Physics
Scientific paper
May 2001
adsabs.harvard.edu/cgi-bin/nph-data_query?bibcode=2001agusm...p41b04h&link_type=abstract
American Geophysical Union, Spring Meeting 2001, abstract #P41B-04
Physics
1886 Weathering (1625), 3210 Modeling, 5415 Erosion And Weathering, 6250 Moon (1221)
Scientific paper
A numerical model has been developed to simulate the degradational evolution of lunar impact craters. Meteoritic bombardment is generally considered to be the primary source of erosion on the lunar surface. This repetitive bombardment by small particles and secondary fragments produces individual effects that are small compared to topographic scale and this steady erosional process modifies crater shape as a function of time. The net result of this impact erosion is a smoothing of the lunar surface in a linearly-diffusive manner of degradation. The erosion model consists of a linear diffusion-equation algorithm expressed in finite-difference form that operates upon a grid of elevation values (digital elevation model or DEM) depicting the three-dimensional topography of a small lunar impact crater. Morphometry for this model crater was derived from Pike (USGS Prof. Pap. 1046-C, 1980).
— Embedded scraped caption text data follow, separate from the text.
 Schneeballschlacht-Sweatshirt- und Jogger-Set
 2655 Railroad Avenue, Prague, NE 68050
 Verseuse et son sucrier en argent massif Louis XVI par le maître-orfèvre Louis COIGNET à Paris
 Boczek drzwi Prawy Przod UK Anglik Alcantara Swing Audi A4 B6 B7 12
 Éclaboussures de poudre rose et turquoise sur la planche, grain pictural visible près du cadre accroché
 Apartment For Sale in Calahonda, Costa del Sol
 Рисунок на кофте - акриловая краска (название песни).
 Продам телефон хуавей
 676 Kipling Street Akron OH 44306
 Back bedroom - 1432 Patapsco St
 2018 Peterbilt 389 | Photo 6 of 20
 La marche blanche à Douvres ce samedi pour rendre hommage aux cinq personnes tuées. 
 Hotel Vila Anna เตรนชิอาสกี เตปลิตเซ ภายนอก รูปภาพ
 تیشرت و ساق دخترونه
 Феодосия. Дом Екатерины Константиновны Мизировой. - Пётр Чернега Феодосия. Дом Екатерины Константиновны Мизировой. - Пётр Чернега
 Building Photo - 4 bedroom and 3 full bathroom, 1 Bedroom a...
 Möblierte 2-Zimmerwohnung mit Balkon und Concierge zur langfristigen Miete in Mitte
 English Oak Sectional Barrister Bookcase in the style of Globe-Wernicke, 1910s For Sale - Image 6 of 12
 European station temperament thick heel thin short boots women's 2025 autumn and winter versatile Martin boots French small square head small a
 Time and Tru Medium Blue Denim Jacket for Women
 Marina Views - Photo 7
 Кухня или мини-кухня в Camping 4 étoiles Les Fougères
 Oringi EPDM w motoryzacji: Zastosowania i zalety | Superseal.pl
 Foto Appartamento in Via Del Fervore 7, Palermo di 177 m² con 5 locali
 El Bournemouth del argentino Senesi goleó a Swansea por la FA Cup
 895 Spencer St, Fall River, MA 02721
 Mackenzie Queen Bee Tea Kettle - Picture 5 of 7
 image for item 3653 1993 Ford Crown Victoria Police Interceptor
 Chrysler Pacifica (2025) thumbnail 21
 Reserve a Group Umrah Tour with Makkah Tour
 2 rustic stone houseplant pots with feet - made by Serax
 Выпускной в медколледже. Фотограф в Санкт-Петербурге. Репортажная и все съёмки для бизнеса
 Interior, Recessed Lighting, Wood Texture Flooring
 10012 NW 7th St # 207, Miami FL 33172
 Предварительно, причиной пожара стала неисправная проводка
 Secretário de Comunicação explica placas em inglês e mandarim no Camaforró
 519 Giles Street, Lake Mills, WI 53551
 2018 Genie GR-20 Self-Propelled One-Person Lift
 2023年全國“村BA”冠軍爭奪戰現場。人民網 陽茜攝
Class 1 (fresh, n=131) and class 2 (more degraded, n=17) craters within the rim-crest diameter range of 1 to 15 km were the focus of this study. For class 1 craters, mean diameter was 8.01 km, mean d/D (depth/diameter ratio) was 0.202, and mean of the average slope of the interior wall was 23.9 degrees. These morphometric and geometric parameters, combined with digitization and rasterization, were utilized to construct the digital elevation model of a typical, fresh lunar impact crater. Simulation results demonstrate the progressive erosional modifications of the classic bowl-shaped craterform: rounding of the crater rim, decrease of crater rim height, gradual crater infilling, decrease in crater depth, and decline of the slope angle of the interior crater wall. Topographic profiles extracted at key time steps display this degradational evolution. The older, more degraded class 2 craters can be correlated with numerical model results. Class 2 craters have a mean d/D of 0.172 and a mean of the average slope of the interior wall of 20.3 degrees. This calibration provides a rough estimate of the rate of transport or erosion.